Singaporean companies excel in infrastructure development, food processing, logistics, smart cities solutions, hydropower projects, and technology/knowledge parks. These are the areas under focus in Pakistan in the context of the China Pakistan Economic corridor (CPEC), says the Pakistani envoy.
It is time that Singapore increases its investment profile in Pakistan taking advantage of the countless opportunities awaiting it. There are a number of infrastructure development projects coming up under the CPEC where Singapore companies can make a mark, she says.
"PM Imran Khan's affordable housing scheme to overcome the current shortage of 10 million houses is open for foreign builders /investors. The government plans to construct five million low cost housing units through all the three modes, private, public and public-private partnership.
"Similarly, SMEs contribute 40 per cent share to our GDP and therefore, can become an important area for bilateral cooperation. IT, Fintech and Artificial Intelligence are other potential areas for enhancing bilateral cooperation."
She says there is great scope for cooperation between the two countries in the field of education and professional training. Singapore has trained more than 1,500 Pakistani civil servants under the Singapore Cooperation Programme.
"Singapore is home to some of the world's best institutions of higher learning where Pakistani students have done specialisation in different disciplines. We would like to develop institutional linkages with these institutions, especially in areas of medical research and development.

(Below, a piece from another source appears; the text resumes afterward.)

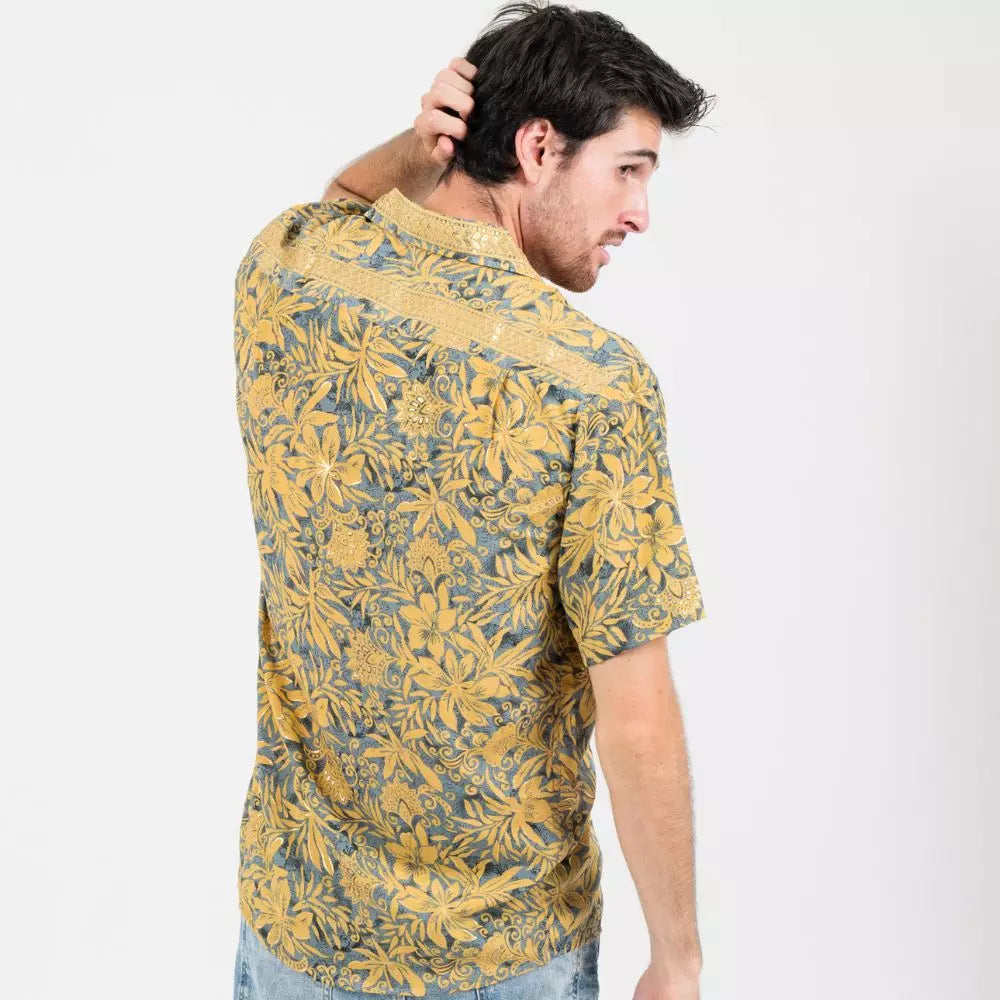 camisa mangas cortas hombre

"Singapore's technical training and skill upgrading model is worth emulating by countries like Pakistan having more than 65 per cent of the population below the age of 35. Our National Vocational and Technical Training Commission is already in contact with the Institute of Technical Education and Singapore Polytechnic, to explore possibilities of cooperation between the two countries in this vital field."